Yet another travel site is now vying for your attention, and this one wants you to spend a little of your money now to avoid spending a lot later.
Point.Me, created by the people behind the travel blog One Mile at a Time, starts with the same origin-destination-date details as any travel-search site but prices flights in the virtual currencies that are airline frequent-flier miles.
Results take a couple of minutes to stream in, because this site must run individual queries at more than 30 airline sites instead of funneling them through one of the “global distribution system” backends that streamline most flight shopping. Its output may reveal surprising bargains, and not just for those willing to connect instead of flying nonstop: Better values may come from booking a flight on one airline using a partner airline’s miles.

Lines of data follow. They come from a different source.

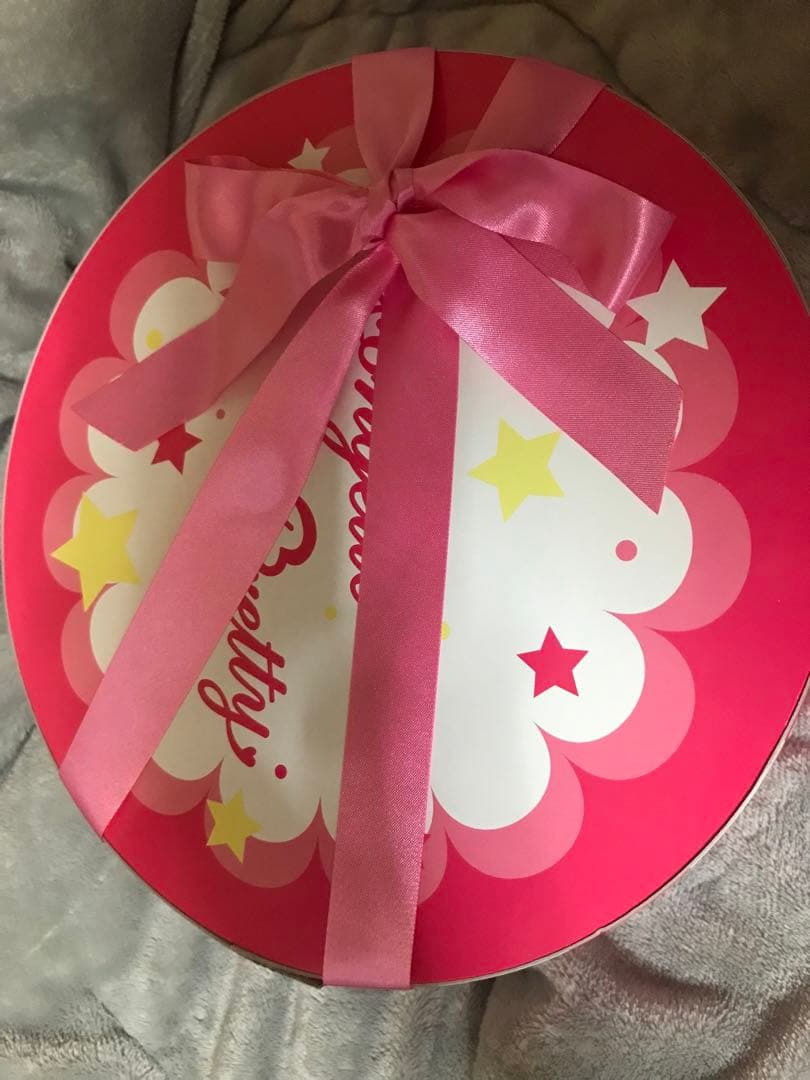 Angelic Pretty ノベルティ  カーニバル　帽子箱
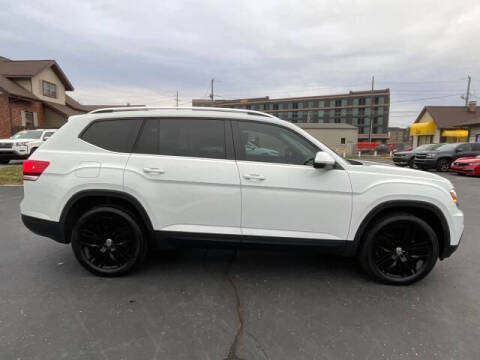 2019 Volkswagen Atlas V6 SE 4Motion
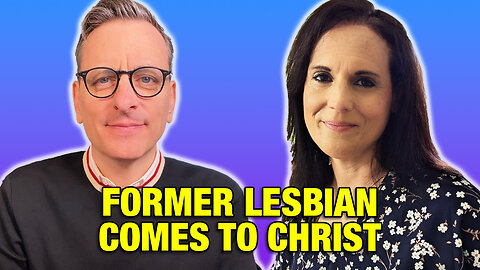 Former Lesbian Comes to Christ: Gina Ladosinsky Testimony - The Becket Cook Show Ep. 182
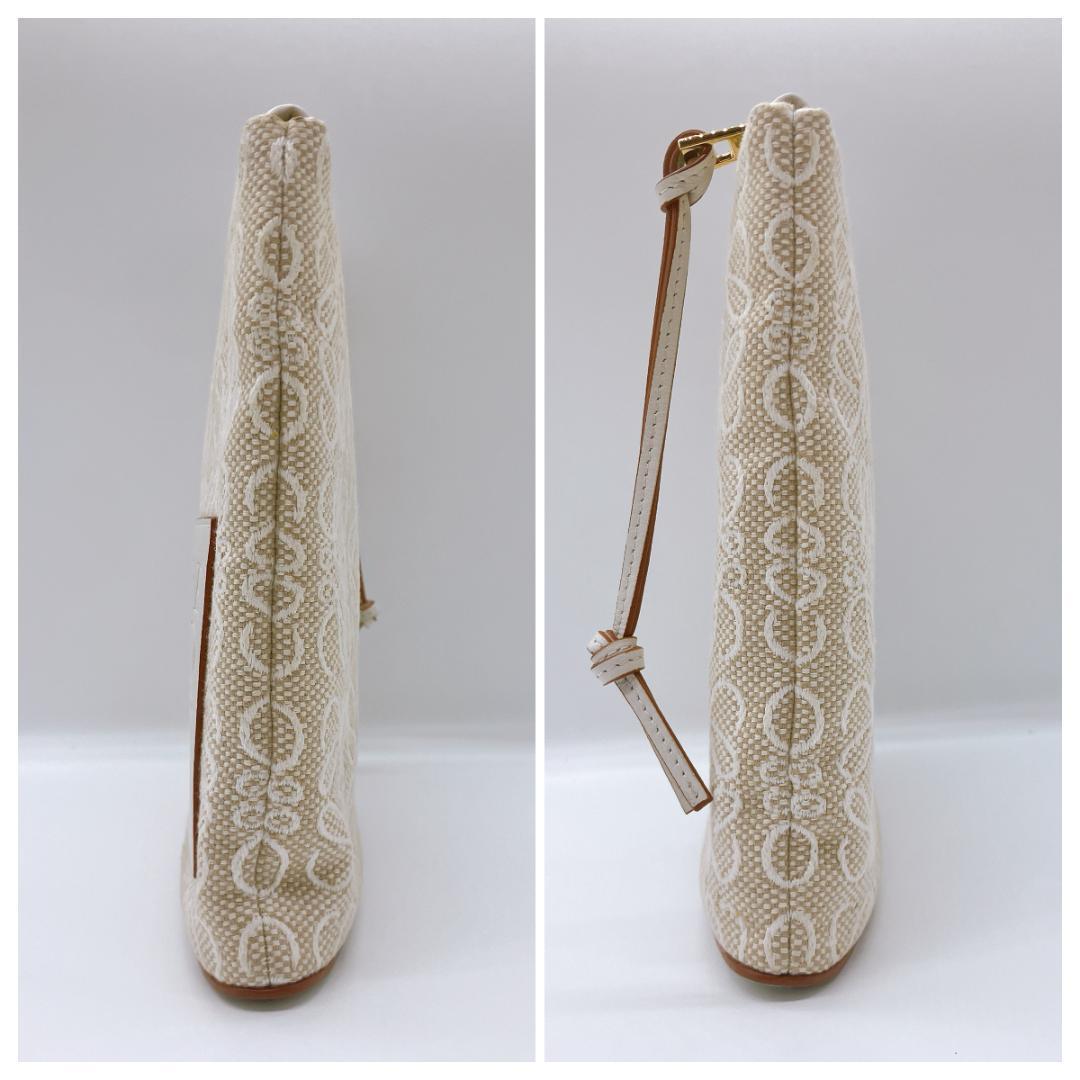 LOEWE オブロング アナグラム セカンドバッグ クラッチバッグ ポーチ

For example, looking for flights from Washington, D.C., to Belize revealed that the best deal for a first-class ticket involved booking a one-stop United Airlines itinerary using 25,000 miles from Air Canada’s Aeroplan program—a transfer partner of American Express, Capital One and Chase’s rewards cards, as the results page helpfully noted—plus $36 in taxes and fees.
Point.Me doesn’t handle actual bookings but instead provides illustrated walkthroughs of the process, which in this case (assuming you’re an Aeroplan newbie but have enough Amex, Capital One, or Chase points) involves opening an Aeroplan account, logging into your credit card account to transfer the points, then returning to Air Canada’s site to book the flight.
That kind of booking bank shot may be familiar to regular readers of One Mile at a Time and other travel blogs that refer to optimizing miles and points as “the hobby,” but Point.Me’s developers have a different audience in mind.
“They’re usually overwhelmed by the number of transfer options,” Jordan Rozum, director of product development, said in a Zoom interview. “They have no idea you can transfer points from Amex to British Airways to book a flight to Hawaii on Alaska Airlines.”
Point.Me’s resource-intensive hand-holding—much like booking travel on miles—comes with its own fees. A one-year subscription runs $129, which seems steep for people not looking to commit themselves to the miles-and-points hobby; $12 a month or $5 a day, however, could work for people researching special-occasion trips.
The site does benefit from a lack of competition. The iPhone app of another travel blog, The Points Guy, has an Award Explorer that estimates points and miles pricing for particular routes, but it does not check inventory. (Disclosure: I’ve written a few stories for TPGwritten a few stories for TPG.)
On the other hand, Point.Me also runs the risk of airline sites resenting its automated queries and the resulting server load, not to mention how it may make their currencies easier to spend.
“If one of those carriers is a little more aggressive and wants us to take it offline, we’d have to take it offline,” Rozum said. He added that Point.Me does not store frequent-flier account credentials (the TPG app’s option to do that led to an ongoing lawsuit from American Airlines), although it does allow users who manage them through the third-party service AwardWallet to connect that to their Point.Me account.
Rozum noted that Point.Me has already had real-world airline-relationship-management practice in the form of a flight-search tool it created for Amex that launched in September. He suggested that partnership had already helped elevate the site’s status with airlines—a goal important to any frequent flier.